SEBI censured by the Karnataka HC in Franklin Templeton case; correct measures not taken by SEBI.

SEBI censured by the Karnataka HC in Franklin Templeton case; correct measures not taken by SEBI.

In the Franklin Templeton case hearing, the Karnataka High court’s division bench led by Hon’ble Chief Justice Abhay S Oka and Hon’ble Justice Ashok S Kinagi brought to attention of SEBI its failure, with regards to certain duties that SEBI ought to perform but did not. Remarking on the same, the HC reminded SEBI of its very primary objective that is protecting the investors’ interests.

As per the facts, SEBI was not in possession of copy of resolution, it failed to reply to the letters seeking its permission for winding up the schemes.
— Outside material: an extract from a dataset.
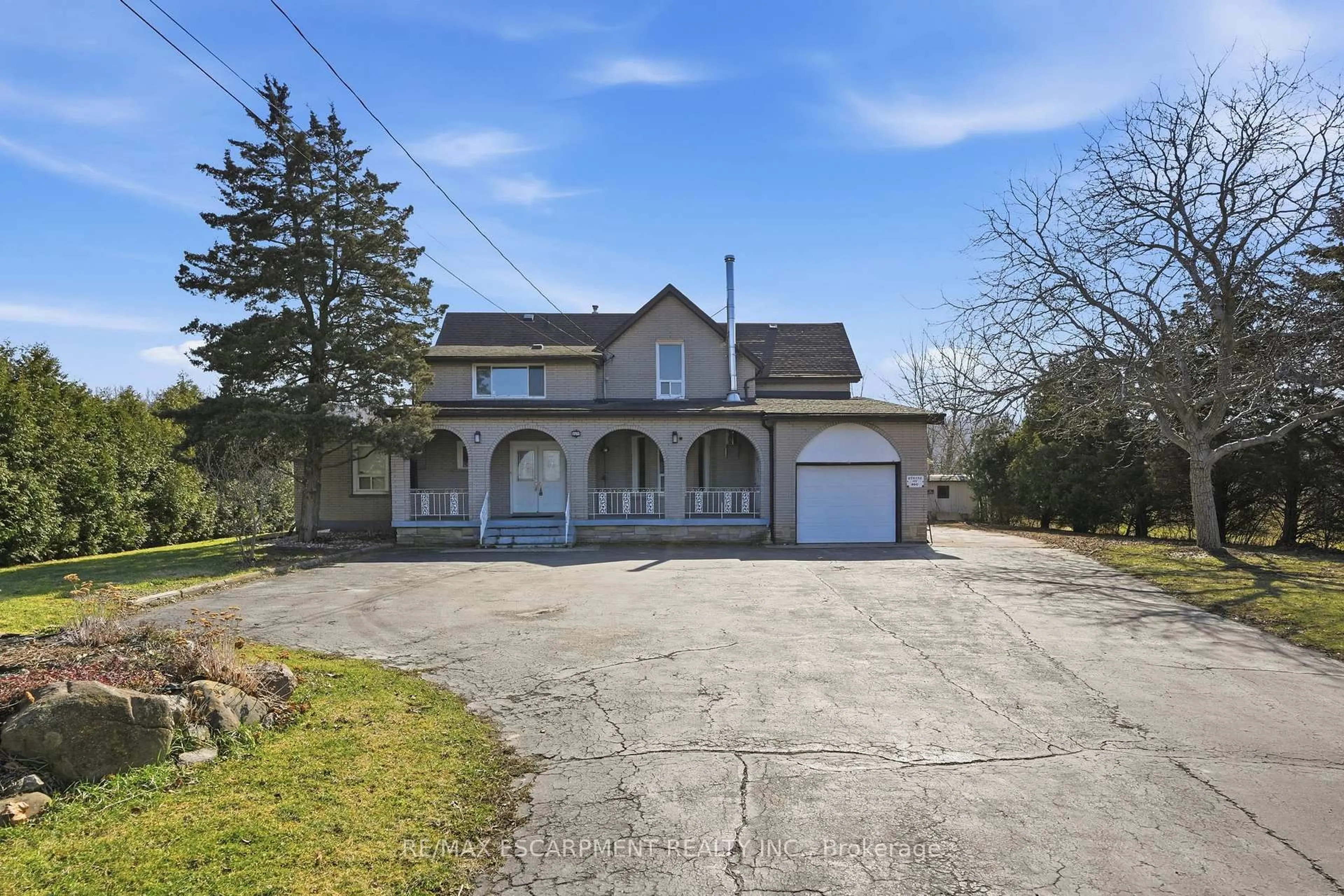 A pic from outside/outdoor area/front of a property/back of a property/a pic from drone, street for 864 Highway 8, Hamilton Ontario L8E 5J3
The Karnataka High Court restricted Franklin Templeton and ruled that the latter cannot, without obtaining investors’ consent wind up the debt fund schemes and while all this, SEBI could have been more vigilant and proactive.  

The bench observed that:

As stated in the statement of objects and reason, the confidence of investors in capital market can be sustained by ensuring that the interest of the investors is protected. The very Scheme of the SEBI Act suggests that SEBI has to act as a watchdog to protect the interests of the investors.

Further that SEBI should have been prompt when it was the first case of winding up under regulation 39(2) a.  The Karnataka High Court issued directions to the SEBI again, to take action in accordance with Regulation 65.